RE: Delaying/avoiding BTreeTupleGetNAtts() call within _bt_compare()

From: Floris Van Nee <florisvannee(at)Optiver(dot)com>
To: Floris Van Nee <florisvannee(at)Optiver(dot)com>, Peter Geoghegan <pg(at)bowt(dot)ie>, PostgreSQL Hackers <pgsql-hackers(at)postgresql(dot)org>
Cc: Andres Freund <andres(at)anarazel(dot)de>
Subject: RE: Delaying/avoiding BTreeTupleGetNAtts() call within _bt_compare()
Date: 2020-01-28 21:34:34
Message-ID: 2ca215d085a74e2eabd31b76e97cc9f3@opammb0561.comp.optiver.com
Views: Raw Message | Whole Thread | Download mbox | Resend email
Thread:
Lists: pgsql-hackers


>
> I could do some tests with the patch on some larger machines. What exact
> tests do you propose? Are there some specific postgresql.conf settings and
> pgbench initialization you recommend for this? And was the test above just
> running 'pgbench -S' select-only with specific -T, -j and -c parameters?
>

With Andres' instructions I ran a couple of tests. With your patches I can reproduce a speedup of ~3% on single core tests reliably on a dual-socket 36-core machine for the pgbench select-only test case. When using the full scale test my results are way too noisy even for large runs unfortunately. I also tried some other queries (for example select's that return 10 or 100 rows instead of just 1), but can't see much of a speed-up there either, although it also doesn't hurt.

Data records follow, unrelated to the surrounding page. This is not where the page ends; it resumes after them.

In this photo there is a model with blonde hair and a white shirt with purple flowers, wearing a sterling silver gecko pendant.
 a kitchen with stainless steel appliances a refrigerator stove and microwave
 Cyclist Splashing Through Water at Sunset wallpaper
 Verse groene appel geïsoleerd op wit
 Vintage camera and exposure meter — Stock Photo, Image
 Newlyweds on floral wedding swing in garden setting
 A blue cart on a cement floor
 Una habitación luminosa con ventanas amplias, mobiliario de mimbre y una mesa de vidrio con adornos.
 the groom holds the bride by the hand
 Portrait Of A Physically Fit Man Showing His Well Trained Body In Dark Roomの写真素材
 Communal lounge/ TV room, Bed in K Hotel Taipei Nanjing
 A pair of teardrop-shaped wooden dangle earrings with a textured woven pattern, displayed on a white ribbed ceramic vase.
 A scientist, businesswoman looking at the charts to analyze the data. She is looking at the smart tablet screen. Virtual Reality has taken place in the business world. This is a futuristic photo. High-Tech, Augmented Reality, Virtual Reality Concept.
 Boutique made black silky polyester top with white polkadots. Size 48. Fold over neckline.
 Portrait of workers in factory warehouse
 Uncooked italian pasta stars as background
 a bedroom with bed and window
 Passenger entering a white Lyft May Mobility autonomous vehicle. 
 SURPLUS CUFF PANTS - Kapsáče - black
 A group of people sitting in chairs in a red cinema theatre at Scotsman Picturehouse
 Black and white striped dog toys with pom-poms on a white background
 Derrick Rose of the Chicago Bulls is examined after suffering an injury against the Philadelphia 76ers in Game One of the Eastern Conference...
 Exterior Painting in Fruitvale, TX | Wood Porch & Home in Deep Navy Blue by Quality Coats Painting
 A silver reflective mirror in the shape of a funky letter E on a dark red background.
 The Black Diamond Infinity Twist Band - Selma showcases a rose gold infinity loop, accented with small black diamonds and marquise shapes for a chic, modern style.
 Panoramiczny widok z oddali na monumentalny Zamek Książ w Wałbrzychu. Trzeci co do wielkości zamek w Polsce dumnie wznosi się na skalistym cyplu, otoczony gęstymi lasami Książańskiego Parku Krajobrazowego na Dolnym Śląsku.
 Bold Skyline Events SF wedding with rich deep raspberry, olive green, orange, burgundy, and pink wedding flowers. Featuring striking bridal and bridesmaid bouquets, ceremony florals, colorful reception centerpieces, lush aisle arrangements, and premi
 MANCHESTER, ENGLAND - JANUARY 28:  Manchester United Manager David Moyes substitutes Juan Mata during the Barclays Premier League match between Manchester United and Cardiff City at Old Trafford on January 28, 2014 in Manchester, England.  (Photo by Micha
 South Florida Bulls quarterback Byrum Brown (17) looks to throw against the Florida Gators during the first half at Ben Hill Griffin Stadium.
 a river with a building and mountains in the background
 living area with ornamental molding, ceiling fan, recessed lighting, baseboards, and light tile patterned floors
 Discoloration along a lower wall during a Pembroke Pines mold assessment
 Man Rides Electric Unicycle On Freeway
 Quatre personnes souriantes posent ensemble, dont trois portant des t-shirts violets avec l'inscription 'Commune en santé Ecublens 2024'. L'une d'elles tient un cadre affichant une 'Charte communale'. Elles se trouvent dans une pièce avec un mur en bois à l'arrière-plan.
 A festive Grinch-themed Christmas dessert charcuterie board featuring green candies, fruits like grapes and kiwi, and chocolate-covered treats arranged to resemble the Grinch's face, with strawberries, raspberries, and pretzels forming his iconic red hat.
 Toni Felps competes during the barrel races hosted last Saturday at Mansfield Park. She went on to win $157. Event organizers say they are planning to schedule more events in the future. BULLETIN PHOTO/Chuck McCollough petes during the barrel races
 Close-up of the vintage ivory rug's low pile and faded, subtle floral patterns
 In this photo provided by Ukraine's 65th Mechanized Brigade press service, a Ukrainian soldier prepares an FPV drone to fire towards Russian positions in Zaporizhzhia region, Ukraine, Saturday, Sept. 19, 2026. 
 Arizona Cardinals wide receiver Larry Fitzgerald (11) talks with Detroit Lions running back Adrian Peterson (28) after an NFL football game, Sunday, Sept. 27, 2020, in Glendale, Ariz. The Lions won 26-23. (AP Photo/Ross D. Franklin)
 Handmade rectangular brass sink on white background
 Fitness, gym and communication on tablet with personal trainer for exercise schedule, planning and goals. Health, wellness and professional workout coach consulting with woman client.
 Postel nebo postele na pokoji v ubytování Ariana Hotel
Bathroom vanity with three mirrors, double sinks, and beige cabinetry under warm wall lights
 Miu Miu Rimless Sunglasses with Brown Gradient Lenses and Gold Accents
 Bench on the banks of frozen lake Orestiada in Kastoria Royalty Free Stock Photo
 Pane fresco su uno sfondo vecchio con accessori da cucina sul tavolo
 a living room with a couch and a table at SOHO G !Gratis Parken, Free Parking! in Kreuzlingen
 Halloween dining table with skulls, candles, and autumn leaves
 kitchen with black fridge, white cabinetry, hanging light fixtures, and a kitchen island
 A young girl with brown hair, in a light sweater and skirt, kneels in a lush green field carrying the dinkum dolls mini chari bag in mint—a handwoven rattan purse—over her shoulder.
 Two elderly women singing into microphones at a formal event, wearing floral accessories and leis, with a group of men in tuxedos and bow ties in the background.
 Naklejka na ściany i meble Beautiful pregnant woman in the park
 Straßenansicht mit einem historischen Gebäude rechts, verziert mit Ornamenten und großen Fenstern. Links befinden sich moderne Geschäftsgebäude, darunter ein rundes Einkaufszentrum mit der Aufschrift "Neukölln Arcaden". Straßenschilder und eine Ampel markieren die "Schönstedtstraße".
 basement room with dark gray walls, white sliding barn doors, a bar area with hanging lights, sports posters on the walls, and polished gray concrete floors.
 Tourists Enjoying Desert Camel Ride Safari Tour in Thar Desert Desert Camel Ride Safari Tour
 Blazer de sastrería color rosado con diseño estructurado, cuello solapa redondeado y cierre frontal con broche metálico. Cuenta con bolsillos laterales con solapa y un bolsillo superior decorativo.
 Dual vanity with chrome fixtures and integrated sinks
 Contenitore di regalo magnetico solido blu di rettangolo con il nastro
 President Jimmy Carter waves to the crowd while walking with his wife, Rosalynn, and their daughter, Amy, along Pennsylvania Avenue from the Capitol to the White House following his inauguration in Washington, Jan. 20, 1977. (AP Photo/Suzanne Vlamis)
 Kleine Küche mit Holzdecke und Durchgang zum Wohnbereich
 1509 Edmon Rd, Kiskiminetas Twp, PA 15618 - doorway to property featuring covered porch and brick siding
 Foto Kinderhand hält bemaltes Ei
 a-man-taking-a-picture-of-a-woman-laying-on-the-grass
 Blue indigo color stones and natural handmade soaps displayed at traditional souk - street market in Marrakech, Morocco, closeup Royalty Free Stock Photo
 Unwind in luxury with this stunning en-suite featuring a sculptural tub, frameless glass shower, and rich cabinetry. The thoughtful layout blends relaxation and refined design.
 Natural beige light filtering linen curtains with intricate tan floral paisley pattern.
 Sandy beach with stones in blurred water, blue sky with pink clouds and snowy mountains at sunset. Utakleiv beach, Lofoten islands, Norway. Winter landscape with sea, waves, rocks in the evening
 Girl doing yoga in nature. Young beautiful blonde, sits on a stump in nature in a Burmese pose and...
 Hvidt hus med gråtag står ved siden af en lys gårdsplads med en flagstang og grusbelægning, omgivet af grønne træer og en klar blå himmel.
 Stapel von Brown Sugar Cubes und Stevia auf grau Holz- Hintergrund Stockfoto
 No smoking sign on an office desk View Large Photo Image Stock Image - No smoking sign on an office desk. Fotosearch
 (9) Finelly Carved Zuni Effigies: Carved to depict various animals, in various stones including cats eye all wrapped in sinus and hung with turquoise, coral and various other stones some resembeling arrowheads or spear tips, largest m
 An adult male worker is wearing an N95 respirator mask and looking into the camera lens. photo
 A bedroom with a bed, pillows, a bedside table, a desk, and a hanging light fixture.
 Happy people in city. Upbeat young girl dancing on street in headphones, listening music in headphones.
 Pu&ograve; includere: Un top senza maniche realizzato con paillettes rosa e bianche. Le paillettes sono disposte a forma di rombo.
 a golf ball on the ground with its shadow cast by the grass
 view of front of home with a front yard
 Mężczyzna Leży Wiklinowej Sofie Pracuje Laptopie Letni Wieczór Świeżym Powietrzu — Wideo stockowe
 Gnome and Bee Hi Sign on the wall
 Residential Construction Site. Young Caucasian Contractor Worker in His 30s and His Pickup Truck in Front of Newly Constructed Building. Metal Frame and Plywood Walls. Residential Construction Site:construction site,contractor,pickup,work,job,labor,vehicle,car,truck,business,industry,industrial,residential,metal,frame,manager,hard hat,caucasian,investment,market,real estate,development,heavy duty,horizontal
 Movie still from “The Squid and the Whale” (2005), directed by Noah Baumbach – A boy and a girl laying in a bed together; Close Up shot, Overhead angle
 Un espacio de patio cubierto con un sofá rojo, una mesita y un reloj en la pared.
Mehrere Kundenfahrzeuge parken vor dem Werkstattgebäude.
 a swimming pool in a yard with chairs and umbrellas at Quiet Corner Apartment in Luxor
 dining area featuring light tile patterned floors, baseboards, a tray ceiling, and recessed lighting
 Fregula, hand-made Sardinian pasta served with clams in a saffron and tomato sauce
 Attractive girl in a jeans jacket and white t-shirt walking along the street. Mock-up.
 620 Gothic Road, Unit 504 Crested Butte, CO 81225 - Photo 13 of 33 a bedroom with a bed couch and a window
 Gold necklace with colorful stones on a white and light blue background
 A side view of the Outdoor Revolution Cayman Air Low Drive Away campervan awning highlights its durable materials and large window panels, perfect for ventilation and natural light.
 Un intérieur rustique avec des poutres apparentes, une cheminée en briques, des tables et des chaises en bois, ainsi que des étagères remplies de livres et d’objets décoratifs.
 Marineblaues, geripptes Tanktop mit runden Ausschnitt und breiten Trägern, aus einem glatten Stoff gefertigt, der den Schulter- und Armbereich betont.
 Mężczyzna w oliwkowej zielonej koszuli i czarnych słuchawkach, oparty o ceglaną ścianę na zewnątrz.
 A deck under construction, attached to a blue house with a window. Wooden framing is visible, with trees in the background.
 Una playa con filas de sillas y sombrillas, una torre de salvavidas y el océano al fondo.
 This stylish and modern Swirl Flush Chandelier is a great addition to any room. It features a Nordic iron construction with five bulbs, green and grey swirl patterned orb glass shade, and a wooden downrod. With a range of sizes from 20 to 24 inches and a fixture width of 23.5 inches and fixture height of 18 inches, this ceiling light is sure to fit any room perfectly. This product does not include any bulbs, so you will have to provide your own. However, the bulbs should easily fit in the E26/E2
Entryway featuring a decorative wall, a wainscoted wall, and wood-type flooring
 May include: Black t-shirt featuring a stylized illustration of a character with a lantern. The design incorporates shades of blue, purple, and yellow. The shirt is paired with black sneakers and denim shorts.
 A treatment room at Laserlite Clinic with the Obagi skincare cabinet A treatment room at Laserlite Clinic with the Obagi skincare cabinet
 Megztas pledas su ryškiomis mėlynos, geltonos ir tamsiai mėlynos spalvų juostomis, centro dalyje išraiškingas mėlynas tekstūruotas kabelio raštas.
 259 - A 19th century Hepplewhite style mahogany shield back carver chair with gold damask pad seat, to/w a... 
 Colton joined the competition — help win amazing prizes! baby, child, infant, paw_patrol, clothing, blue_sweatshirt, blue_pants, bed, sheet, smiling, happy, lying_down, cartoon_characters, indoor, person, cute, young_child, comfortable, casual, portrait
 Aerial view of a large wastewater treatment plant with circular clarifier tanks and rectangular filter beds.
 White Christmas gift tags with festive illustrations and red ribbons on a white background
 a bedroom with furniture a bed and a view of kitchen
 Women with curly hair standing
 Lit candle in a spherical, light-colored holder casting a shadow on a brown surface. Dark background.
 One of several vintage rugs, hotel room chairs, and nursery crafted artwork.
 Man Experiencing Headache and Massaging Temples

So I guess the most noticeable one is the select-only benchmark for 1 core:

<Master>
transaction type: <builtin: select only>
scaling factor: 300
query mode: prepared
number of clients: 1
number of threads: 1
duration: 600 s
number of transactions actually processed: 30255419
latency average = 0.020 ms
latency stddev = 0.001 ms
tps = 50425.693234 (including connections establishing)
tps = 50425.841532 (excluding connections establishing)

<Patched>
transaction type: <builtin: select only>
scaling factor: 300
query mode: prepared
number of clients: 1
number of threads: 1
duration: 600 s
number of transactions actually processed: 31363398
latency average = 0.019 ms
latency stddev = 0.001 ms
tps = 52272.326597 (including connections establishing)
tps = 52272.476380 (excluding connections establishing)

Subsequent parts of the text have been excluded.